**Problem requirements:** The listing below holds a line with "11 Flagstaff Avenue, Emerald Beach NSW 2456" and a line with "关于小朋友的那些事，友谊的小船说翻就翻". Reproduce those two lines exactly, plus everything between them.

**Given entries:**
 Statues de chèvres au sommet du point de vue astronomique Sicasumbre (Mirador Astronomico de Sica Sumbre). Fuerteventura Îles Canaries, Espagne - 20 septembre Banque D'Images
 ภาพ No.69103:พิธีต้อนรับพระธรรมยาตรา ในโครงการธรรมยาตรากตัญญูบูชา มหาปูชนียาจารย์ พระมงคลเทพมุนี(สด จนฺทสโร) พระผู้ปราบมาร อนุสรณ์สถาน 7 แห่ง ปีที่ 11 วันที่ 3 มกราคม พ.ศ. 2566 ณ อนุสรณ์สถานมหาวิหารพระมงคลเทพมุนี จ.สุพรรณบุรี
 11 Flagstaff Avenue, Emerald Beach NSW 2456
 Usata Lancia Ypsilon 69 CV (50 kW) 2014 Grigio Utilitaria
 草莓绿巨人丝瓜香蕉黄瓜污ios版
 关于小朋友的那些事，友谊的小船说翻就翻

...

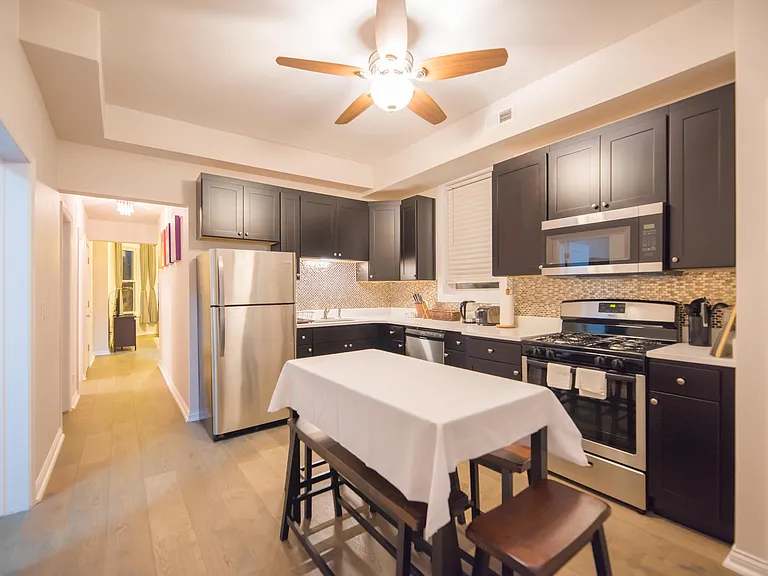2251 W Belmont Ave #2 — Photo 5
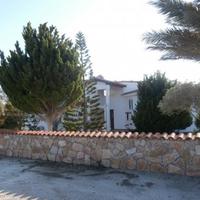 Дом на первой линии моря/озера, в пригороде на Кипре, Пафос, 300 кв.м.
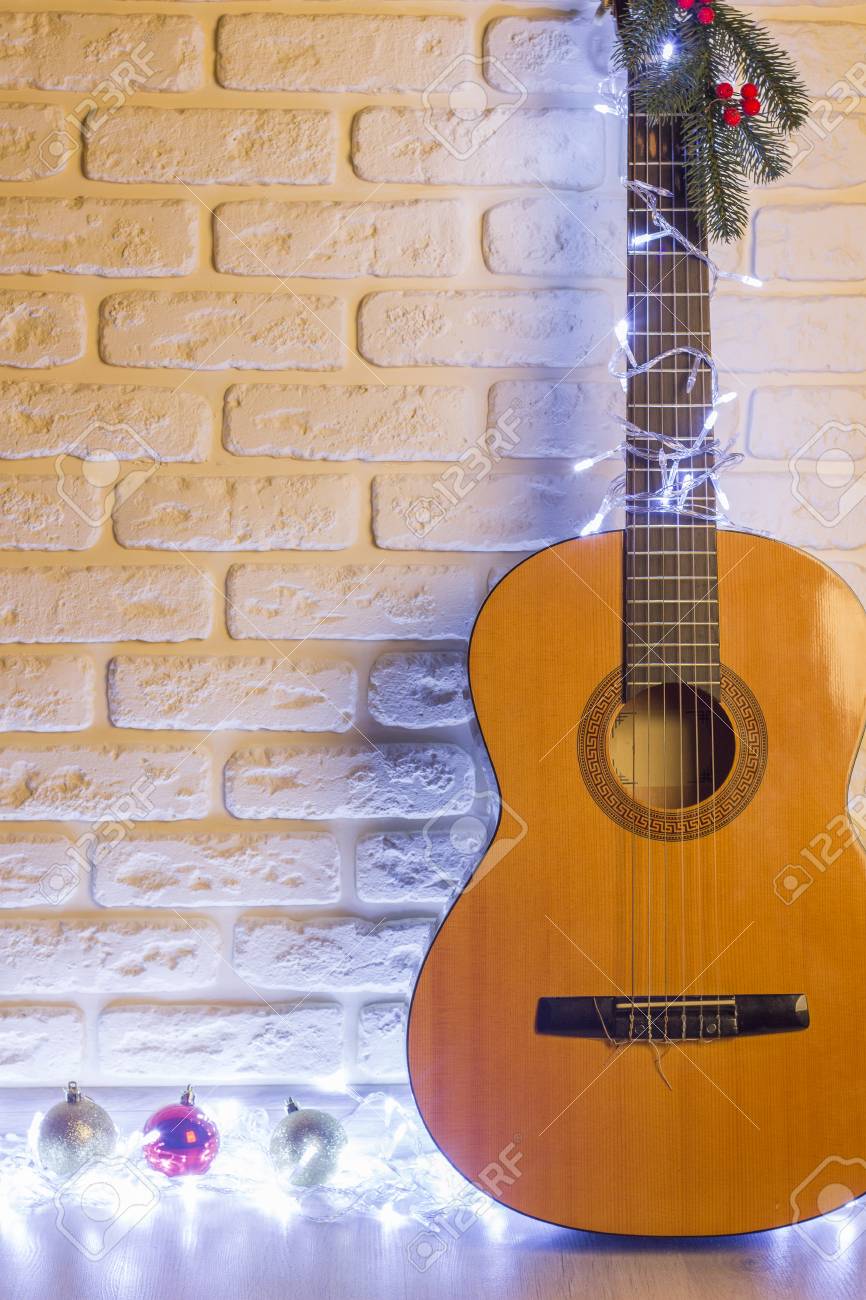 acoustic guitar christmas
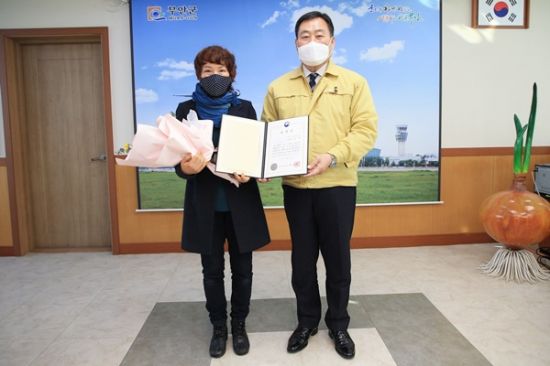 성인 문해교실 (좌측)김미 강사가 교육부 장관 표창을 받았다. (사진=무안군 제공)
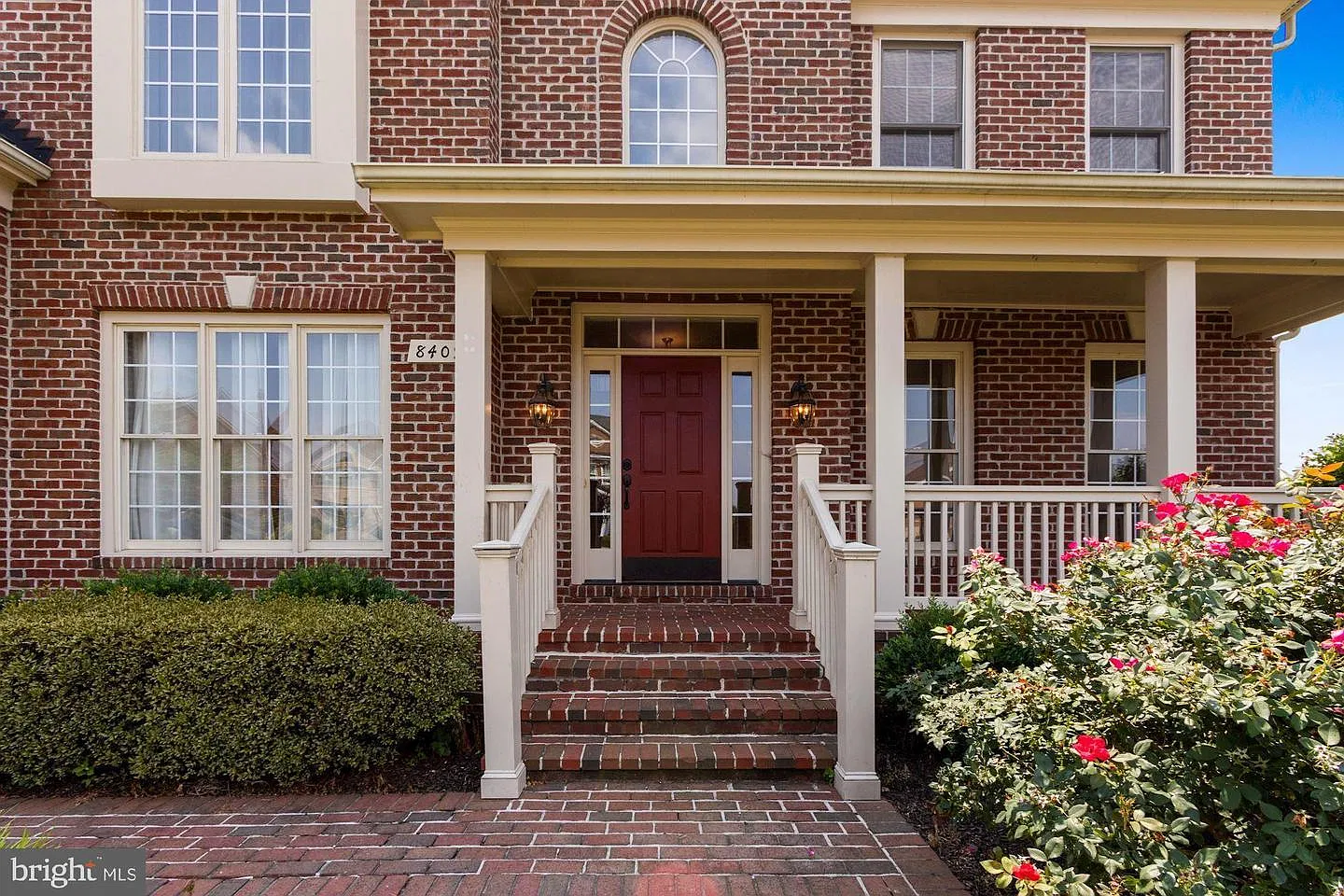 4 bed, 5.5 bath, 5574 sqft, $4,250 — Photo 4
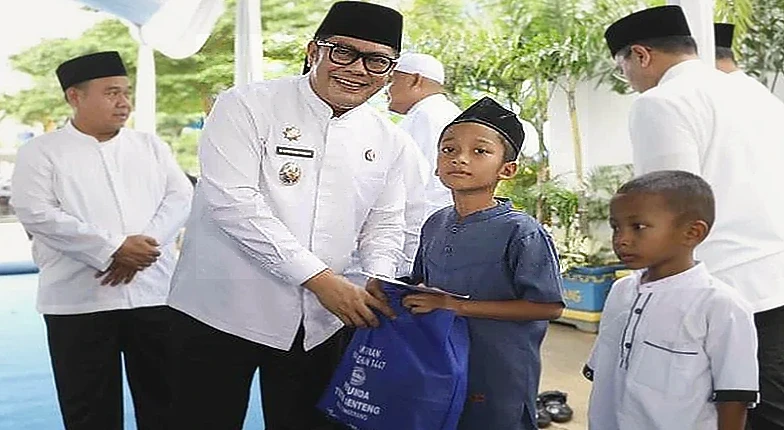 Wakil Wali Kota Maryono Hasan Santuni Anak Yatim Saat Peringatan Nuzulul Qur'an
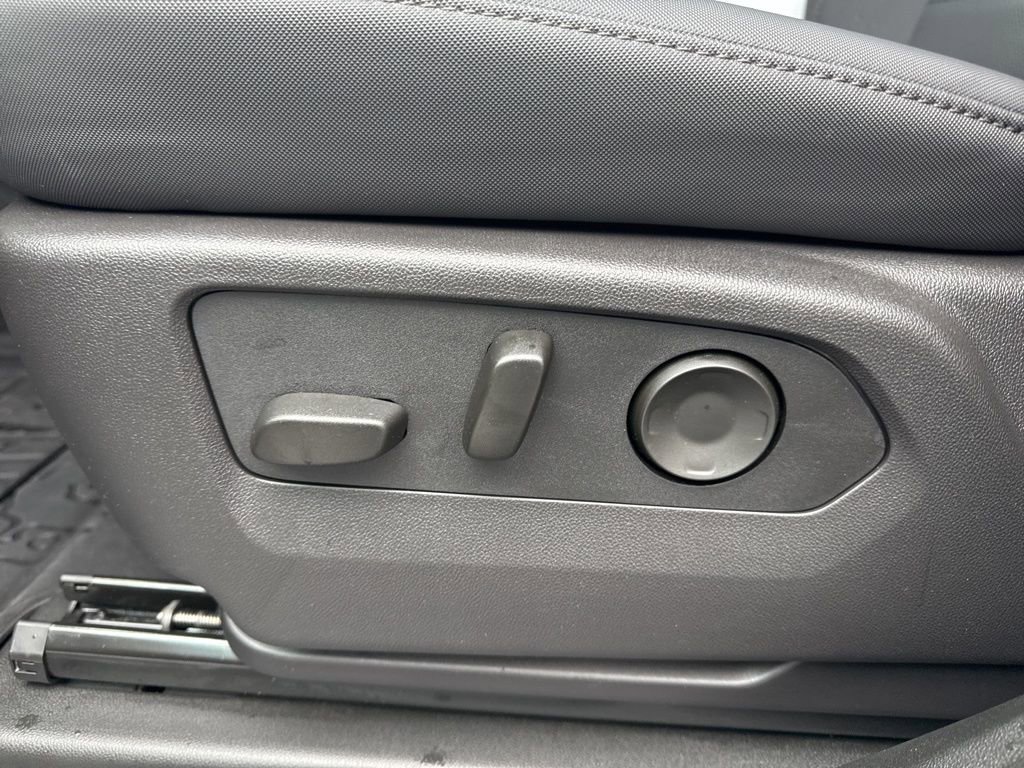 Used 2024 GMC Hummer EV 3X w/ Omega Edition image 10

**Final answer:**
 11 Flagstaff Avenue, Emerald Beach NSW 2456
 Usata Lancia Ypsilon 69 CV (50 kW) 2014 Grigio Utilitaria
 草莓绿巨人丝瓜香蕉黄瓜污ios版
 关于小朋友的那些事，友谊的小船说翻就翻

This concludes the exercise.